▶ EXTRACTED RECORDS
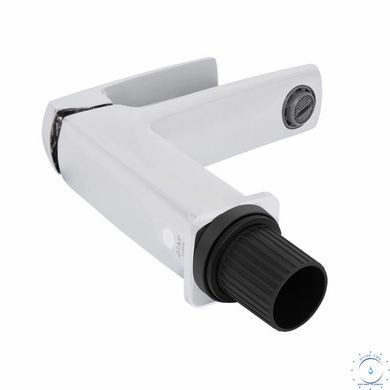 Смеситель для раковины Qtap Tern QTTER2701CRM47584 Chrome SD00053708 фото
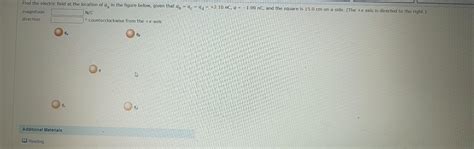 Image result for Counterclockwise On X-Axis Direction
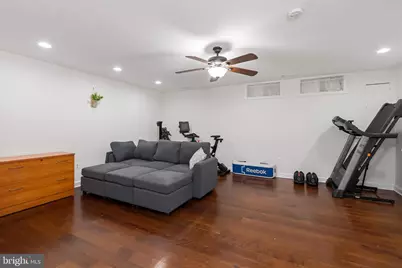528 Jared Square NE, Leesburg, VA 20176 - Photo 37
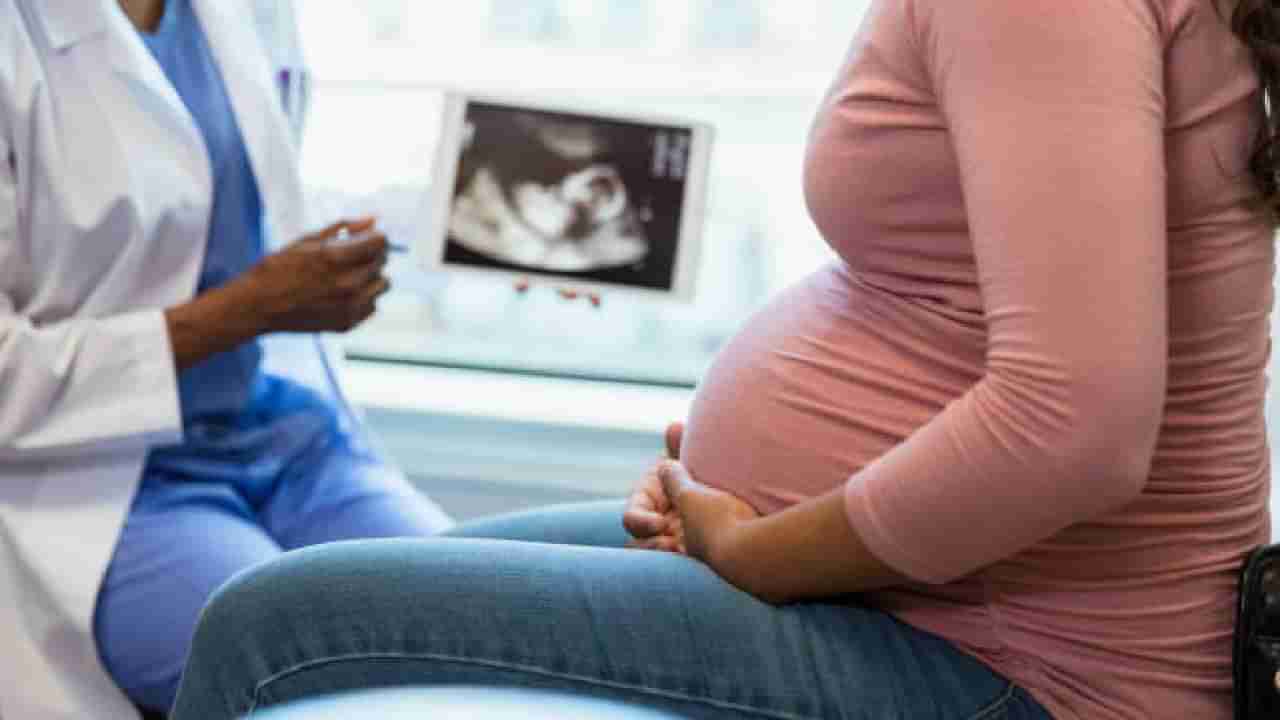 Pregnancy: ದಪ್ಪ ಇರುವ ಮಹಿಳೆಯರು ಗರ್ಭಿಣಿಯಾಗಲು ಸಾಧ್ಯವಿಲ್ಲವೇ?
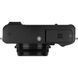 Fujifilm X100VI Black (16821884) 325772 фото 8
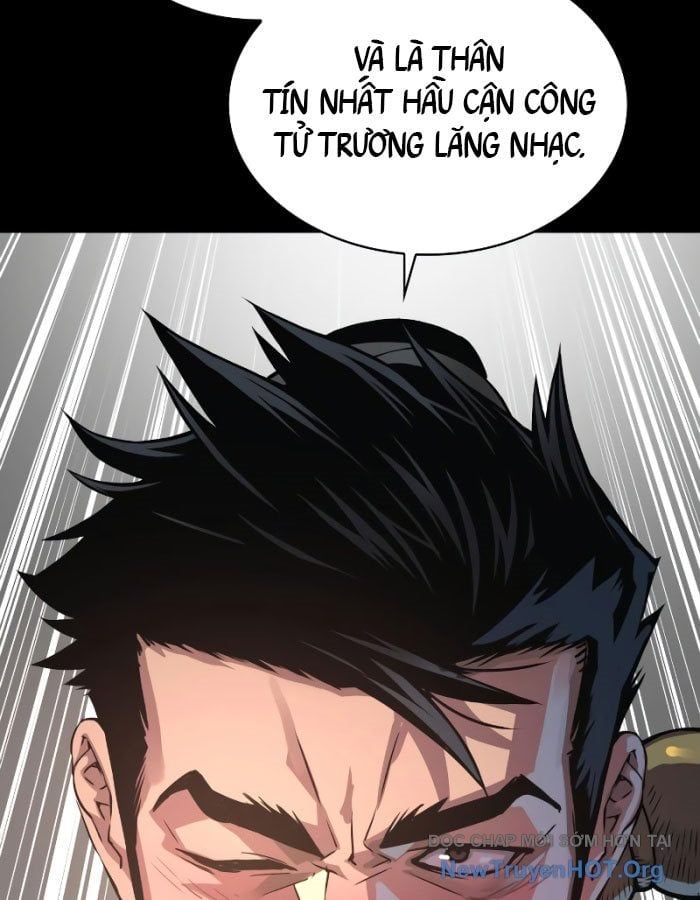 đọc truyện Quái Lực Loạn Thần Chương 90 ảnh 69 tại Thiên Thai Truyện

▶ DIRECTIONS
All entries above should be returned exactly, apart from their pictures.

▶ TASK ANSWER
 Смеситель для раковины Qtap Tern QTTER2701CRM47584 Chrome SD00053708 фото
 Image result for Counterclockwise On X-Axis Direction
528 Jared Square NE, Leesburg, VA 20176 - Photo 37
 Pregnancy: ದಪ್ಪ ಇರುವ ಮಹಿಳೆಯರು ಗರ್ಭಿಣಿಯಾಗಲು ಸಾಧ್ಯವಿಲ್ಲವೇ?
 Fujifilm X100VI Black (16821884) 325772 фото 8
 đọc truyện Quái Lực Loạn Thần Chương 90 ảnh 69 tại Thiên Thai Truyện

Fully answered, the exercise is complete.